RV vaccination is the most effective strategy for significantly reducing the incidence of severe infections and the number of deaths in children. Rotarix (GlaxoSmithKline) consists of a monovalent G1P[8] strain derived from a single human G1P[8] strain. Conversely, RotaTeq (Merck), is a human-bovine reassortant vaccine, composed of five strains derived from human (G1, G2, G3, and G4) and bovine (P[8]) strains [17]. Both RVA vaccines have demonstrated the ability to elicit homotypic and heterotypic immune responses, resulting in a notable decline in morbidity and mortality. However, the RVA vaccine has proven to be more effective in high-income countries (80–90%) against severe rotavirus disease compared to low- to middle-income countries (40–70%) [18]. Various factors contribute to this disparity, including the genotypic and lineage diversity of RVA strains, which are driven by recombination, rearrangement, reassortment, and mutations. Additionally, host genetic factors, malnutrition, gut microbiota dysbiosis, co-infections, environmental enteropathy, and the passive transfer of maternal antibodies have been suggested as potential determinants of differences in RVA vaccine efficacy between high- and low-income countries [16]. RVA lineages with distinct antigenic properties could potentially allow RVA strains to evade vaccine-induced immunity [19].

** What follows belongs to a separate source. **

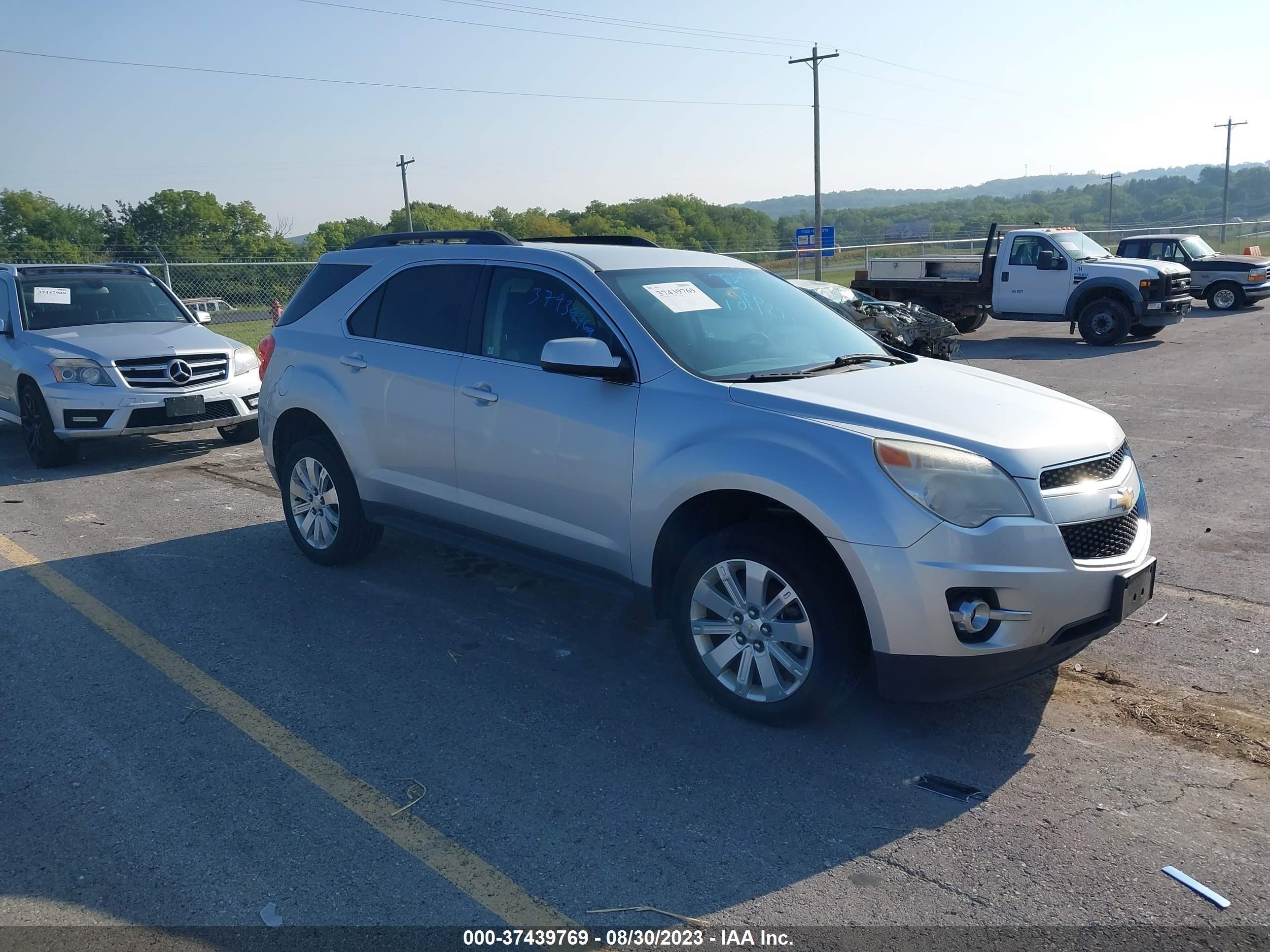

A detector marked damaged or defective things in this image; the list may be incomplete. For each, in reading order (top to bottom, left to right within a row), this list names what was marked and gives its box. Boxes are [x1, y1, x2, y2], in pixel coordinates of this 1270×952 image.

damaged front end [787, 281, 955, 363]
wrecked car [787, 281, 955, 363]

With the increasing diversity of RVA strains and the incidence of uncommon fully and partially heterotypic genotypes, such as G1P[6] or G9P[4], particularly in countries without RVA vaccination programs, concerns are growing regarding the reduced effectiveness of approved vaccines against the emerging variants [18]. In this current cross-sectional study, the VP7 and VP4 lineages of human rotavirus A (RVA) strains circulating in children under the age of five with diarrhea were analyzed. Additionally, the amino acid sequences of these RVAs and their potential antigenic distinctions and cytotoxic T cell epitopes compared to the vaccine strains were assessed.